Node controller apache2 dependency satisfied by an incompatible mpm
Affects | Status | Importance | Assigned to | Milestone | |
---|---|---|---|---|---|
| eucalyptus (Ubuntu) |
Medium
|
Dustin Kirkland |
Bug Description
This is the log from the node controller. It clearly sees that it is supposed to be spawning an instance, and at least starts grabbing the images, but almost immediately just rm -rf's them.
It transpires that this is due to the images being incomplete in Walrus (ran out of disk space while uploading them). This suggests that some internal verification is taking place and rejecting the images. The NC should really log this fact, and if possible send a message back to the CC so it knows the instance setup failed (atm the instance shows as pending until some timeout is reached, when it is shown as terminated).
[Thu Mar 5 14:49:10 2009][006011]
[Thu Mar 5 14:49:10 2009][006011]
[Thu Mar 5 14:49:10 2009][006011]
[Thu Mar 5 14:49:10 2009][006011]
[Thu Mar 5 14:49:10 2009][006011]
[Thu Mar 5 14:49:10 2009][006011]
[Thu Mar 5 14:49:10 2009][006011]
[Thu Mar 5 14:49:10 2009][006011]
[Thu Mar 5 14:49:10 2009][006011]
[Thu Mar 5 14:49:10 2009][006011]
[Thu Mar 5 14:49:10 2009][006037]
[Thu Mar 5 14:49:10 2009][006037]
[Thu Mar 5 14:49:10 2009][006037]
[Thu Mar 5 14:49:10 2009][006037]
[Thu Mar 5 14:49:10 2009][006037]
[Thu Mar 5 14:49:10 2009][006037]
[Thu Mar 5 14:49:10 2009][006037]
[Thu Mar 5 14:49:10 2009][006037]
[Thu Mar 5 14:49:10 2009][006037]
[Thu Mar 5 14:49:10 2009][006037]
[Thu Mar 5 14:49:10 2009][006037]
Chris Jones (cmsj) wrote : | #1 |
description: | updated |
The reason there is no error message about the failed transfer is because the NC crashed in the middle of the transfer according to both log excerpts above. (The line that starts with `NC is looking for configuration...` is the first one that NC prints when it starts.) Since any incoming request from the CC causes NC to restart, the crashes are easy to miss.
So, this bug is not really about the lack of error messages (we do try to log everything that goes wrong) but about a crash.

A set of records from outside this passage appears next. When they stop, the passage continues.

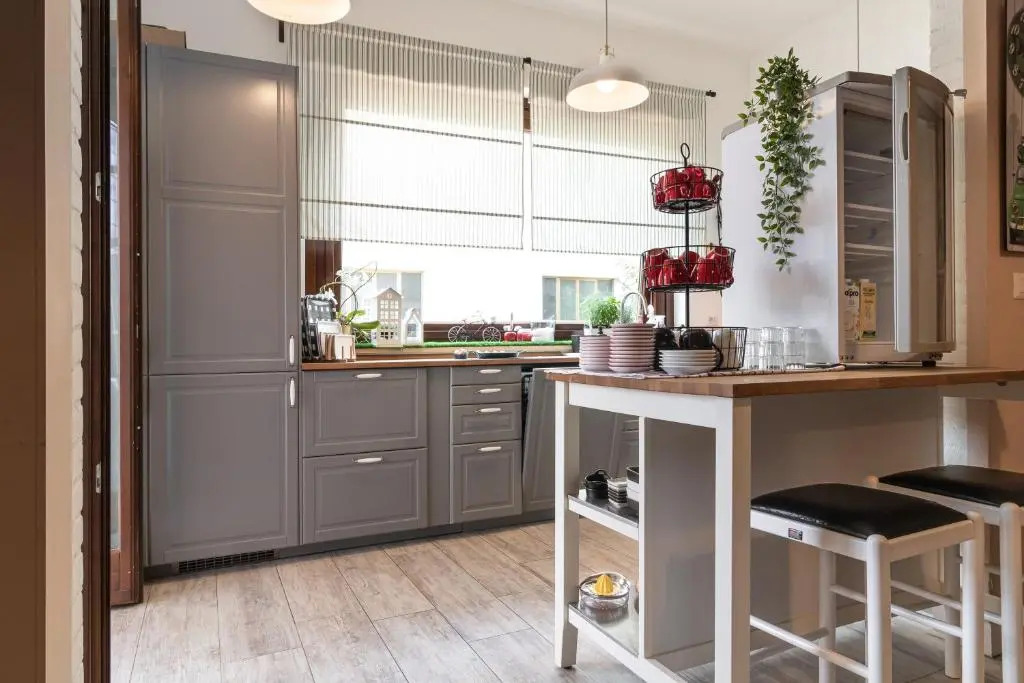 Bed and Breakfast Bric & Brac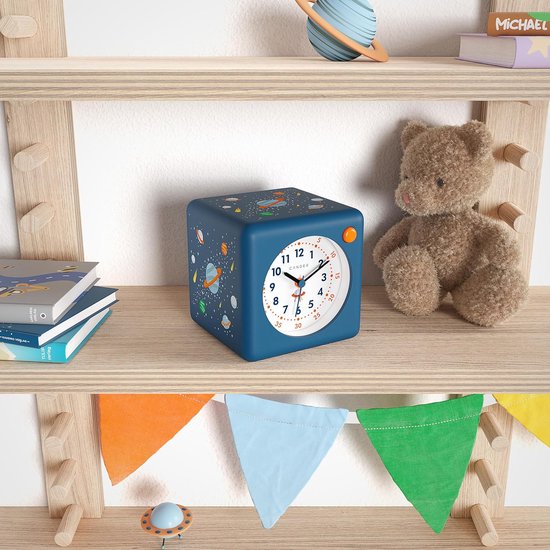 Stille Kinderwekker met Astronaut & Ruimteprint - Strakke Wijzerplaat en Snooze - Ideaal Nachtlampje — afbeelding 4
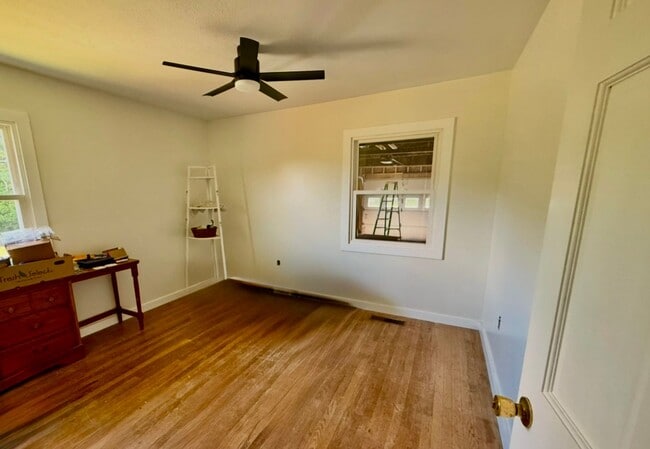 Building Photo - Beautiful Single-Family 3-Bedroom Home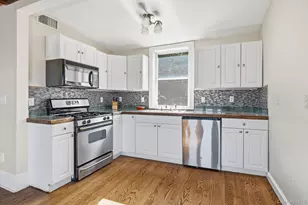 54 N Broadway, Tarrytown, NY 10591 - Photo 17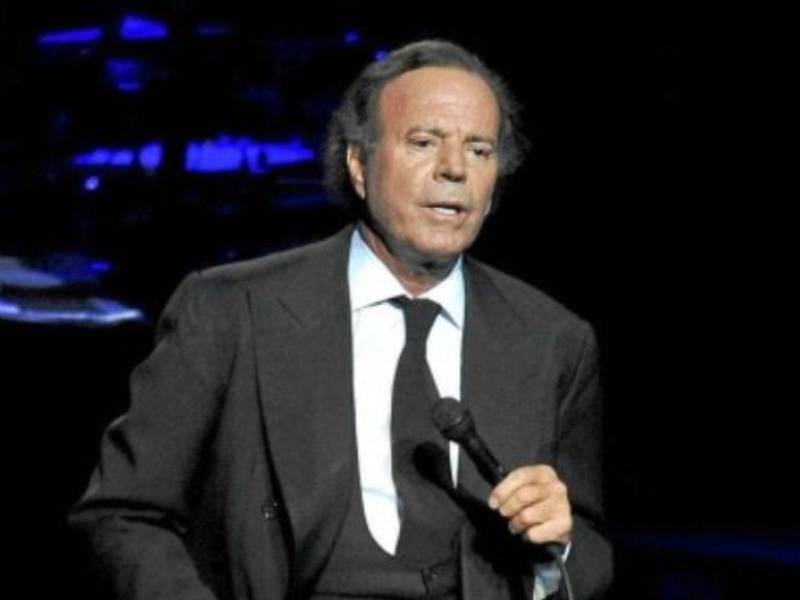 El cantante español Julio Iglesias se solidariza con Venezuela y dice que su cariño sigue intacto.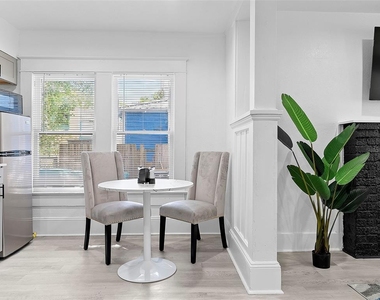 412 E Harwood Street - Photo Thumbnail 8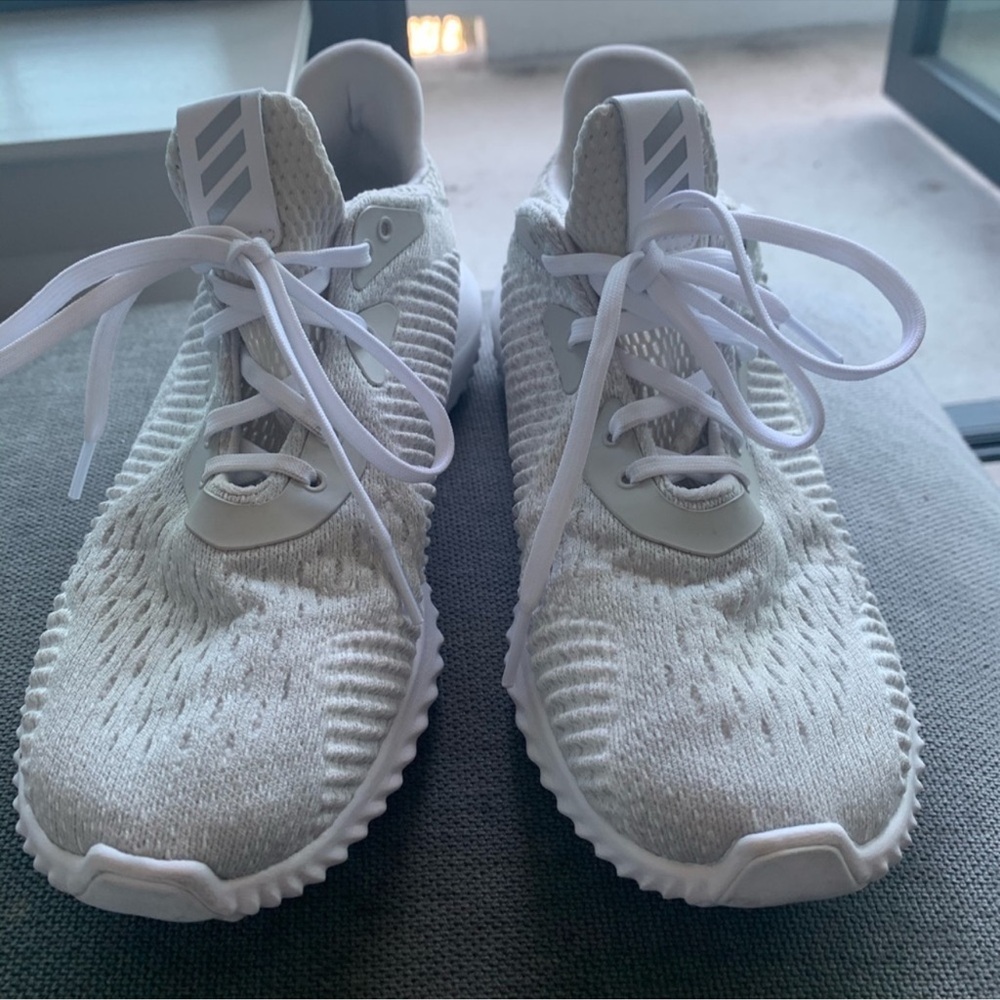 Adidas Bounce Shoe - Size 7.5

If this crash still happens with the recent version of the code, I would like to know more about the circumstances so that I can recreate it. I tried a few runs with NC running out of disk space during different stages of instance initialization, with both compressed and non-compressed Walrus downloads, but in all cases the failure to write was handled properly.
I'm less sure now that this relates to disk space. Due to unrelated hardware issues I've moved the NC to the same machine as the CC/CLC and this is still happening. I've nuked all of the images I had, switched from xen to kvm and uploaded the ttylinux image and the machine has >50GB spare, so this should have worked correctly (and the file in /var/lib/
Still, when I try to run an instance, the image is immediately removed and the NC appears to restart.
What more debugging information can I provide so we can figure out what's going on?
Daniel Nurmi (nurmi) wrote : | #4 |
I have discovered the reason behind this behavior. The node controller (an axis2 web service that is loaded and run by an apache2 thread) can only run as a single thread. This means that apache2 must be configured to only start one child (or thread) to run the NC. While we set up the NC's httpd.conf to limit the number of threads that apache will spawn to 1, there is one apache2 flavor that doesn't honor this configuration - apache2-itk.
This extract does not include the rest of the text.